Overview

Dimensionality reduction maps high-dimensional data — where each sample has thousands or tens of thousands of measured features — into a low-dimensional space, typically two or three dimensions, that preserves important structure. This serves two primary purposes: visualization, allowing researchers to see patterns, clusters, and outliers by eye; and denoising, removing irrelevant variation that degrades downstream analysis. Biological data, from gene expression matrices to mass spectra, is inherently high-dimensional and often redundant, making dimensionality reduction an essential preprocessing step.

Methods

Principal component analysis (PCA) finds orthogonal axes of maximum variance through linear combinations of the original features. It is fast, deterministic, and widely used for initial exploration. t-distributed stochastic neighbor embedding (t-SNE) constructs a probability distribution over pairwise similarities in high-dimensional space and minimizes the Kullback-Leibler divergence to a low-dimensional map, excelling at revealing local structure and clusters.
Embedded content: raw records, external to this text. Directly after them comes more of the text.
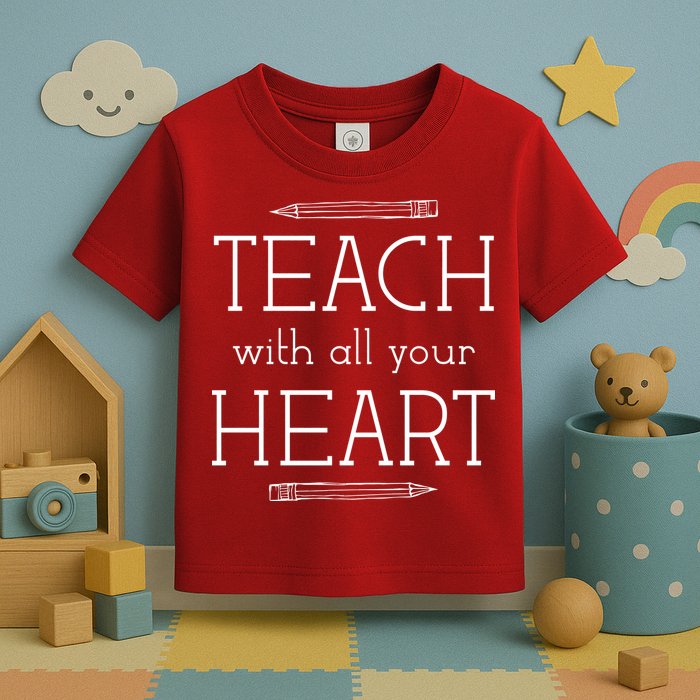 Teach With All Your Heart Toddler T-Shirt
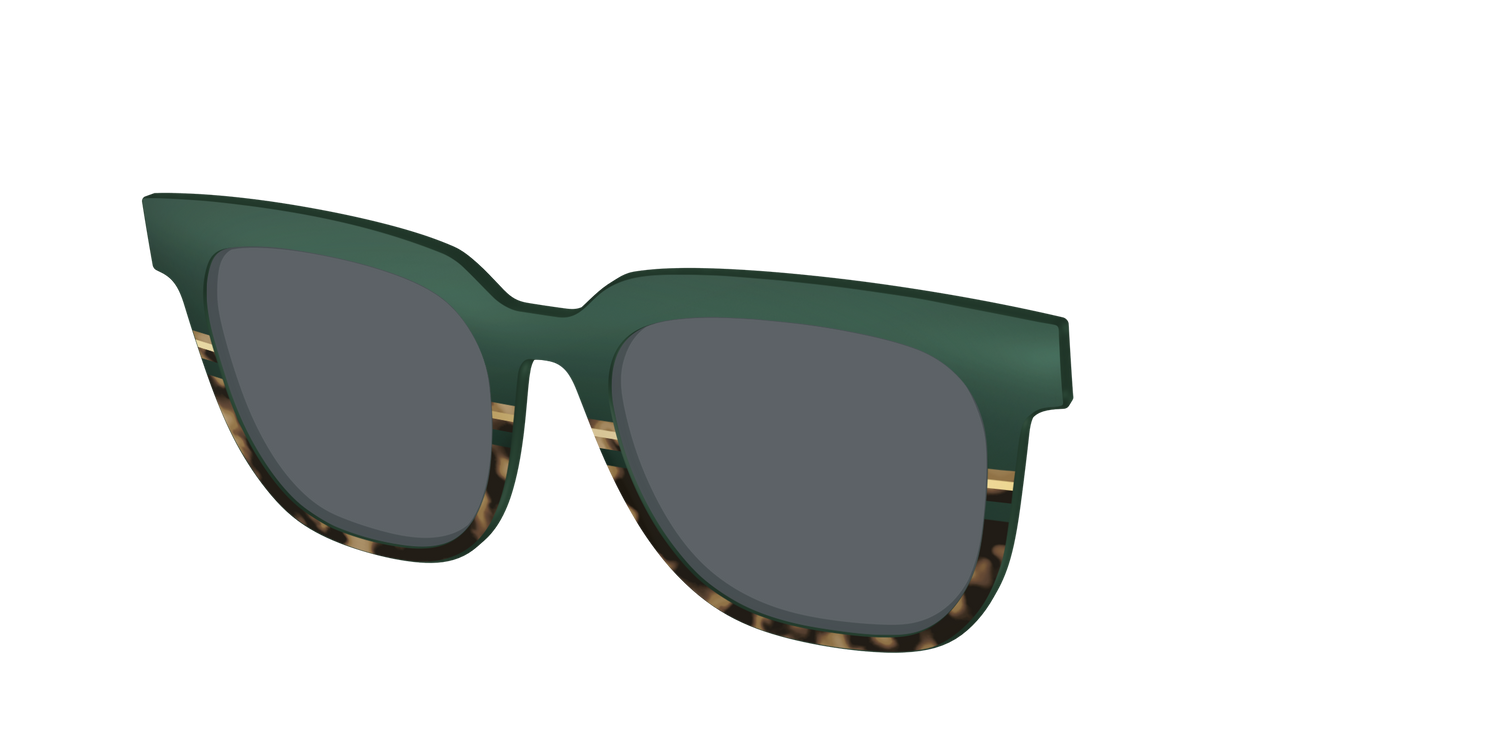 The Polarized Spruce Tortoise Sun Top - Angle Top Image - Pair Eyewear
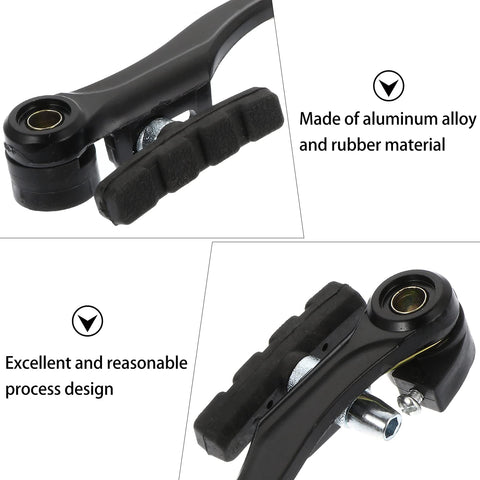 Two Set Bike Brake Kit For Road And Mountain Bikes, Aluminum Calipers, Durable Rubber Pads, Easy Install, All In One Brake System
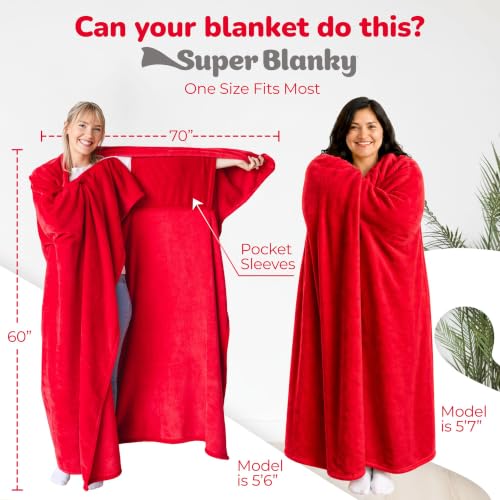 Image of Super Blanky Wearable Blankets for Women & Men, Graduation Day Gift for Her, Cozy Gifts for Women, Wife Birthday Gifts Ideas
Uniform Manifold Approximation and Projection (UMAP) builds on similar principles but better preserves global structure and is significantly faster. Autoencoders use neural networks to learn non-linear embeddings and can capture complex manifolds. Each method has hyperparameters — perplexity for t-SNE, n_neighbors for UMAP — that strongly influence the resulting visualization.

Applications

Dimensionality reduction is standard practice for exploring DNA microarrays and gene expression data, visualizing cell populations in flow cytometry, and inspecting quality in proteomics and mass spectrometry experiments. Single-cell RNA-seq analysis pipelines routinely use PCA for initial denoising followed by UMAP for visualization, enabling the discovery of novel cell types and states from transcriptomic data.